▶ What is needed
Return only the stretch of the material below that begins with the line containing "vintage amethyst and" and ends with the line containing "Thai-Schriftstickerei Muay Thai", exactly; both of those lines belong to it.

▶ Supplied records
····················
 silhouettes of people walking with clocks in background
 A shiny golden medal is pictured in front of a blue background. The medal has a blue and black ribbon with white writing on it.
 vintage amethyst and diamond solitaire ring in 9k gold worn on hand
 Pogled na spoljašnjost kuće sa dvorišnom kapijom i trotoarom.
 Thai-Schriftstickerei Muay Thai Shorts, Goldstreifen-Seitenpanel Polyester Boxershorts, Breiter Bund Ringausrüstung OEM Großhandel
····················
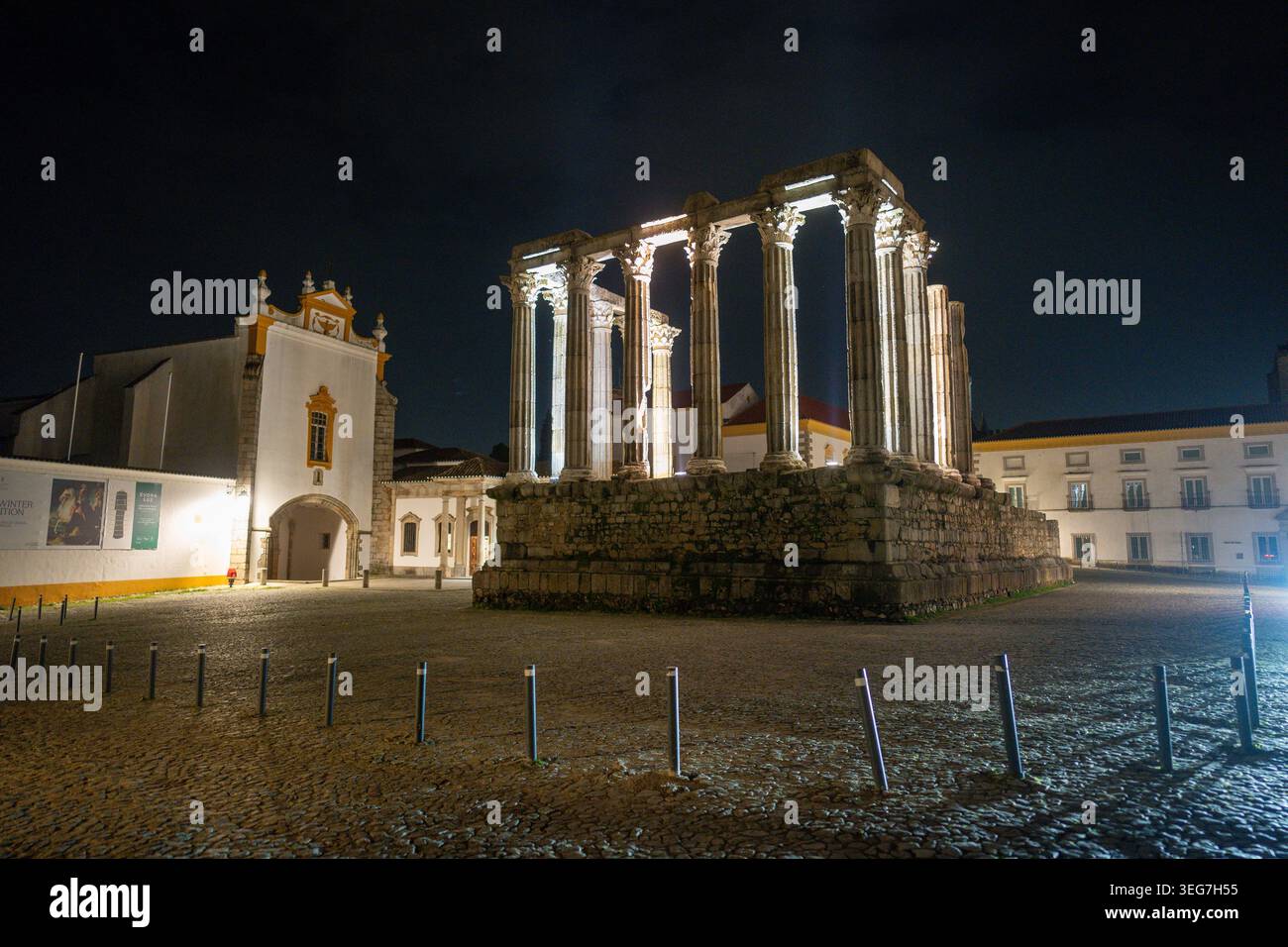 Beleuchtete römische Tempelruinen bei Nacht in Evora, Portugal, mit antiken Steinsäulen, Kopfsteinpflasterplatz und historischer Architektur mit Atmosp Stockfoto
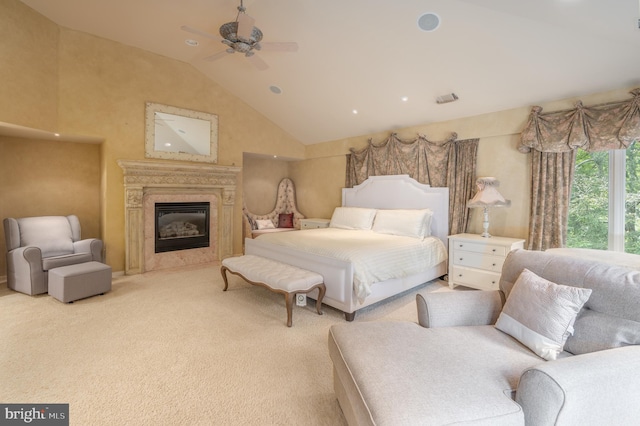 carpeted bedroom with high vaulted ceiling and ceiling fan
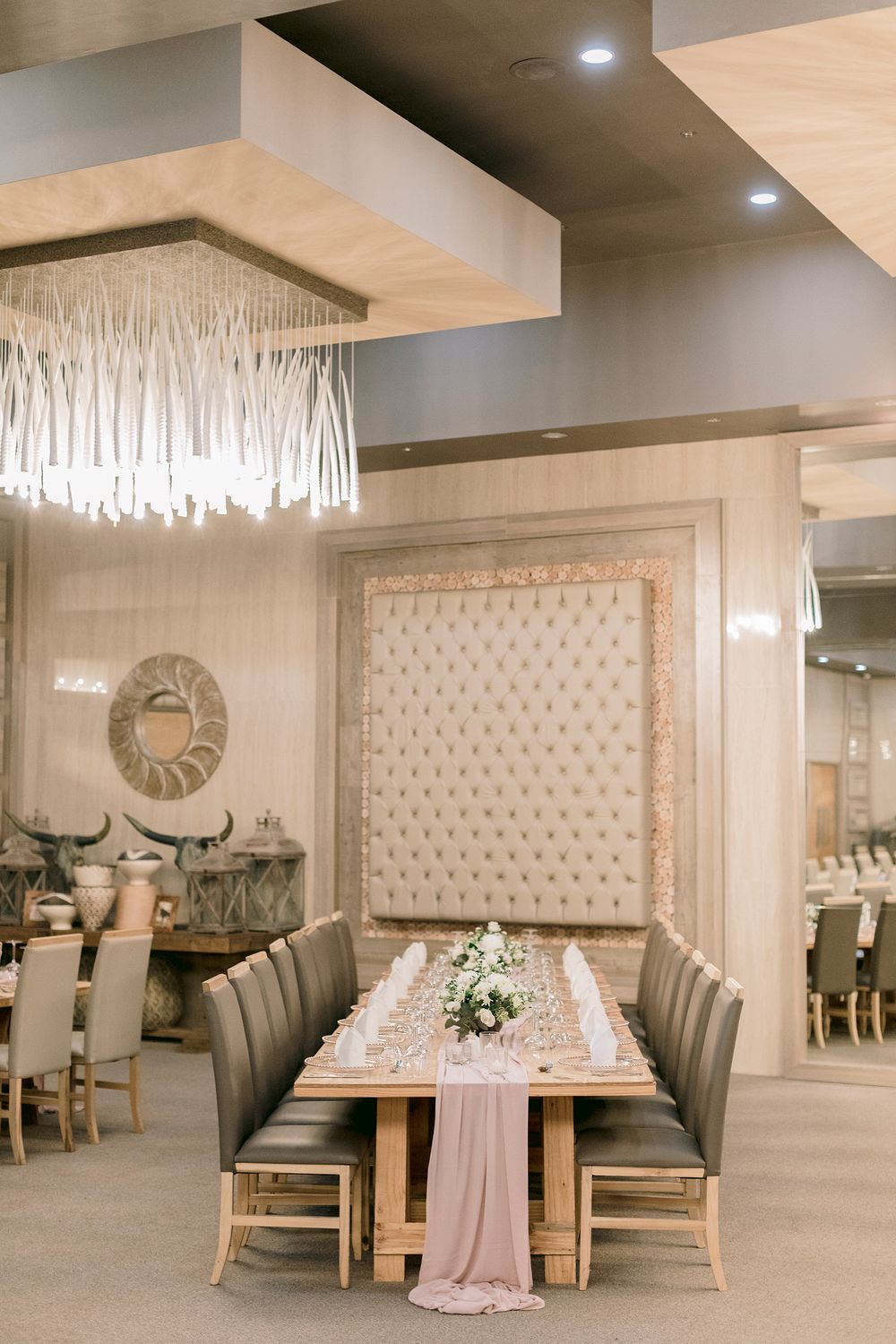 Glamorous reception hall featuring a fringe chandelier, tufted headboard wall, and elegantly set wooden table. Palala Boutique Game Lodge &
····················
▶ Result for this exercise
 vintage amethyst and diamond solitaire ring in 9k gold worn on hand
 Pogled na spoljašnjost kuće sa dvorišnom kapijom i trotoarom.
 Thai-Schriftstickerei Muay Thai Shorts, Goldstreifen-Seitenpanel Polyester Boxershorts, Breiter Bund Ringausrüstung OEM Großhandel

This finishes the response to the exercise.